Braven to give plastics new life in Cumberland
Virginia Gov. Ralph Northam recently announced a $31.7 million investment by Braven Environmental to establish a manufacturing operation in Cumberland County that would derive fuel from landfill-bound plastic and bring many new jobs to the area.
Braven Environmental President and CEO Nick Canosa said Tuesday, June 9, that Braven Environmental’s technology has been in development for more than a decade as the company has worked to build a system that can process plastic waste via a method that has both a remarkably low carbon impact as well as the potential to “facilitate a truly circular system for plastics.”
According to Canosa, the company’s patented solution uses the method of pyrolysis to produce a liquid output called PyChem, which can be used either as a component to make new plastics or as a replacement to traditionally sourced fuels used to heat homes or create electricity. The process essentially gives plastics “a new life.”
“With pyrolysis, a proven science that we incorporate into a carefully engineered process, we are working with heat in the absence of oxygen, so there is no combustion (no incineration), and thus Braven’s emissions are minimal,” Canosa said Tuesday. “In addition, the output is a usable feedstock that can be used to make new plastic products, or as liquid or gas fuel that can be sold to end users or used to generate electricity by fueling generators or turbines.”
He added the new site in Cumberland will be the company’s first multi-unit facility.
Canosa emphasized that through working with the governor’s office and Cumberland County officials, the new Braven site will be a nationwide first in terms of effective and efficient large-scale management of the problem of plastic waste, while simultaneously bringing permanent jobs to the area.
“The state of Virginia has been motivated to find solutions for curbing carbon emissions in a way that is also fiscally responsible,” he added. “In recent years Virginia has proven to be a pioneer in supporting the growth of wind and solar power, the expansion of electric vehicle charging infrastructure, protecting green spaces and other solutions for building a more sustainable future.”

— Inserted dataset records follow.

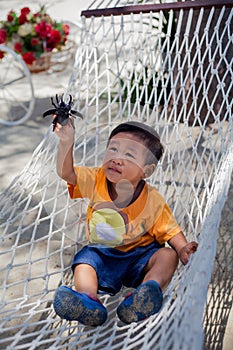 Asian boy playing with toy bug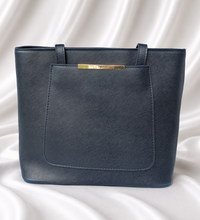 Eisela midnight blue women's structured tote bag with large front pocket, shoulder handles and gold-tone accent.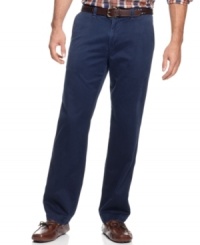 Take it down a notch. Keep your work look comfortable but still classy with these flat-front chino pants from Tommy Bahama.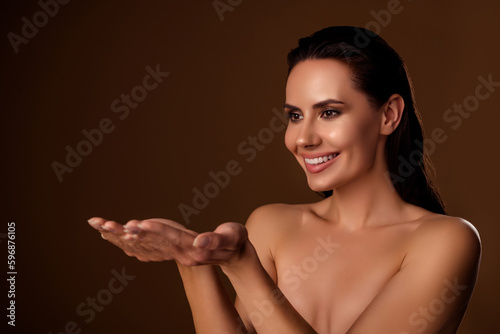 Photo of gorgeous model lady hold open palms arms advice beauty product salon offer isolated brown background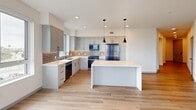 Located in Oxnard, CA, this well-appointed single-floor residence offers three bedrooms, two bathrooms, and a thoughtfully designed layout. The open-concept kitchen and living area serves as the heart of the home, featuring light wood-style flooring, recessed lighting, and large windows that invite natural light throughout. The kitchen is outfitted with gray shaker-style cabinetry, a subway tile backsplash, stainless steel appliances including a gas range and French door refrigerator, and a striking marble-look waterfall island illuminated by sleek pendant lights. Each bedroom is carpeted for comfort and equipped with a ceiling fan. The bedrooms offer generous proportions, with the primary bedroom providing a notably spacious retreat. Multiple windows frame outdoor views of the surrounding Oxnard landscape, including palm trees and open sky. Three closets, including well-built walk-in storage spaces, provide ample organization throughout. The two bathrooms feature clean, modern vanities with white countertops, light wood-tone flooring, and crisp white finishes. A dedicated laundry area and a balcony round out the functional amenities. The overall aesthetic is clean and contemporary, with a neutral palette of whites and soft grays creating a bright, move-in-ready atmosphere.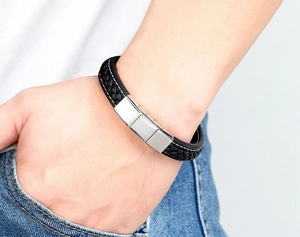 Detail of black braided leather bracelet with silver magnetic clasp and white stitching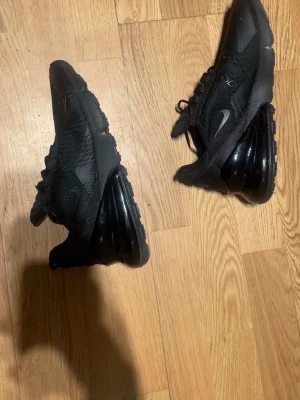 Nike Air Max 270 helsvarta sneakers - Snygga helsvarta Nike Air Max 270 sneakers med mesh-ovandel och stor synlig Air-enhet i hälen. Skorna har en sportig siluett, diskret Swoosh-logga och bekväm passform. Perfekta för dig som gillar stilrena och moderna sneakers.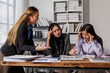 © David - Stressed annoyed office employee manager having headache migraine at business meeting with colleagues about business problem they have to solve. Stress at work or migraine concept.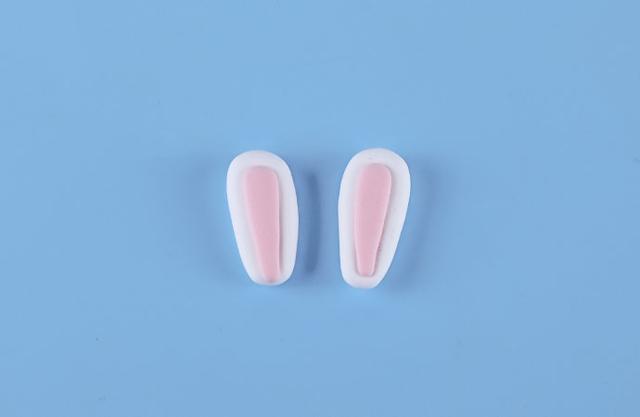 步骤8：用白色粘土做两个大的水滴形压扁，粉红粘土做小的水滴形粘在上面，做出小兔子的耳朵。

The announcement of Braven Environmental’s plan to develop an operation in Cumberland has sparked questions from many in terms of how the business may be affected by the proposed Green Ridge Recycling and Disposal Facility to be built nearby, and whether or not Braven’s arrival in the county would be dependent on the establishment of the landfill.
Canosa said the Green Ridge site is not crucial to Braven’s operations, and that any delay in the landfill’s timeline, including the Virginia Department of Environmental Quality’s reviews of Green Ridge’s Part A and Part B applications, would not affect the timeline of Braven’s facility.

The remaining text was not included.